EXERCISE DESCRIPTION:
Leave out the images and return all the data word for word.

DATASET CONTENT:
○ ○ ○

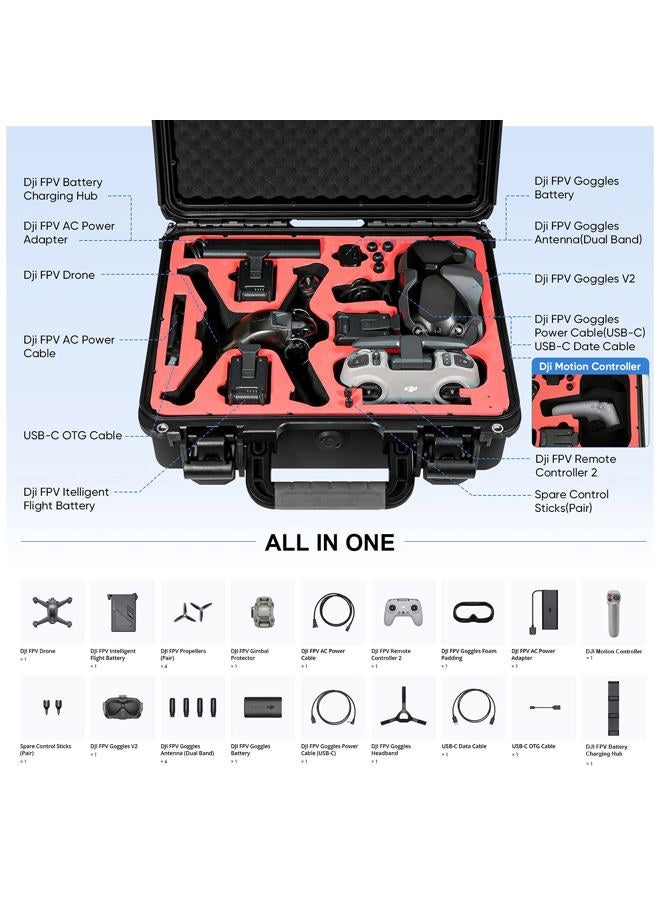 GAGITERVR Hard Carrying Case for DJI FPV Drone, Gagiater Waterproof Suitcase for FPV Combo Fly More and Accessories Safe and Portable - Image 2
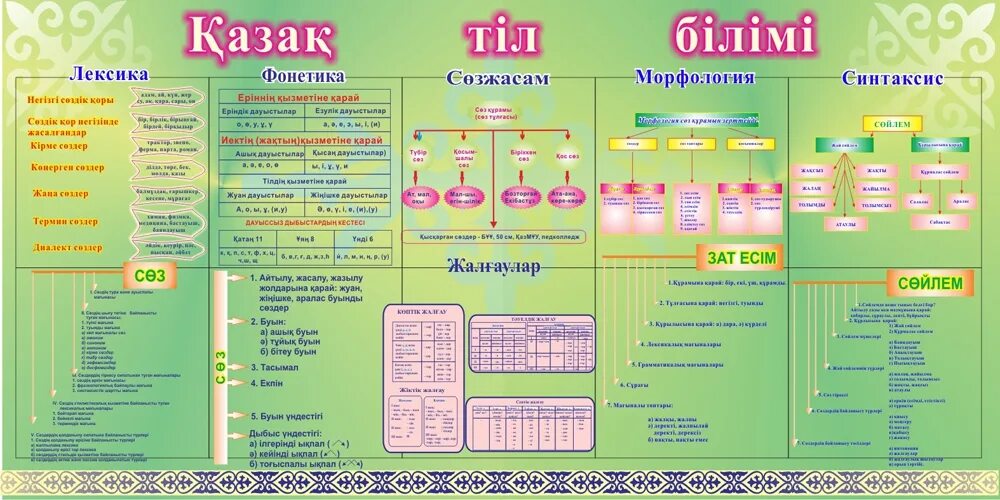 Стенд казахского языка. Стенды для кабинета казахского языка. Стенды для кабинета казахского школе. Название стенда на казахском языке.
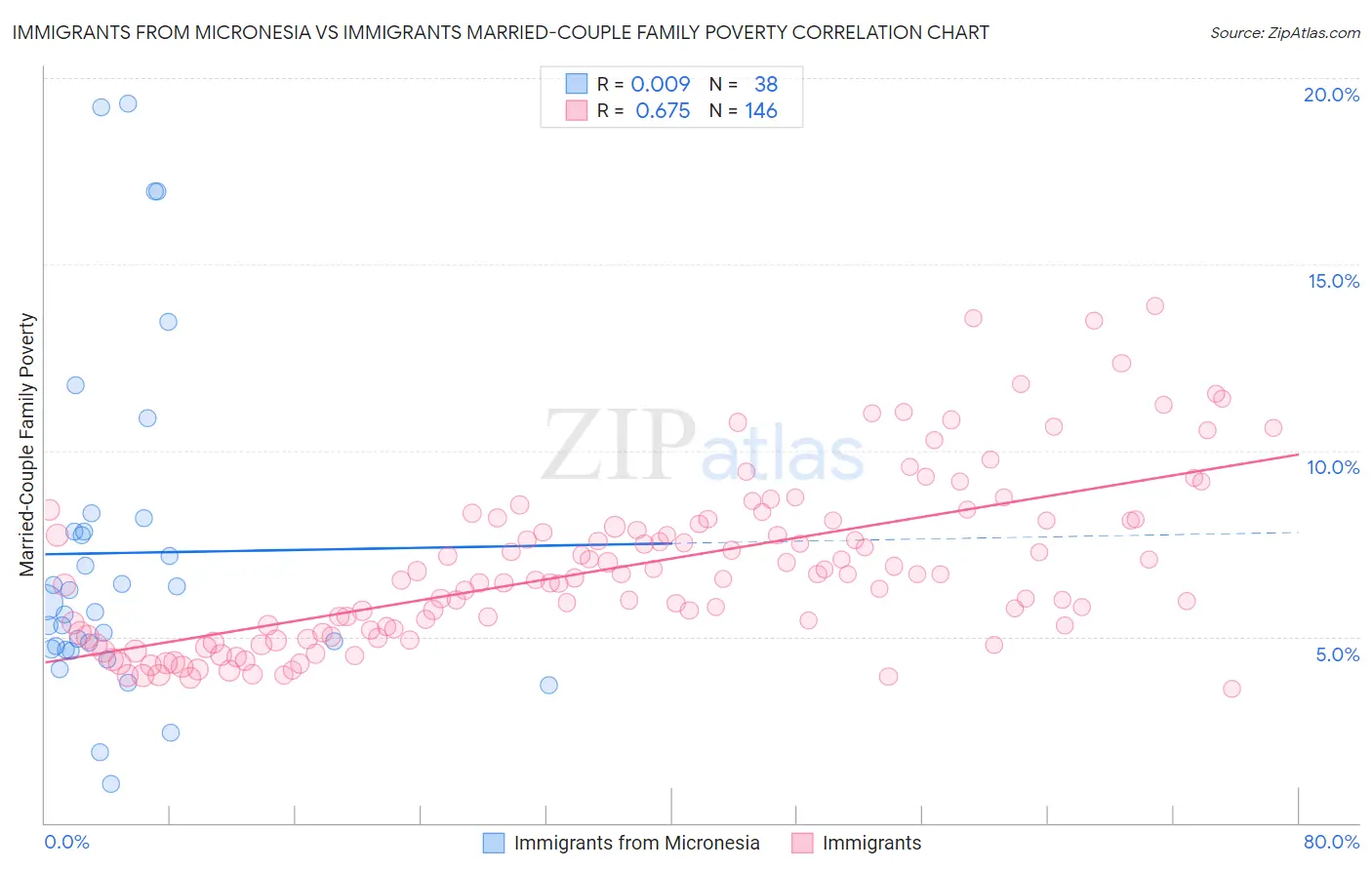 Immigrants from Micronesia vs Immigrants Married-Couple Family Poverty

○ ○ ○

WRITTEN RESPONSE:
 GAGITERVR Hard Carrying Case for DJI FPV Drone, Gagiater Waterproof Suitcase for FPV Combo Fly More and Accessories Safe and Portable - Image 2
 Стенд казахского языка. Стенды для кабинета казахского языка. Стенды для кабинета казахского школе. Название стенда на казахском языке.
 Immigrants from Micronesia vs Immigrants Married-Couple Family Poverty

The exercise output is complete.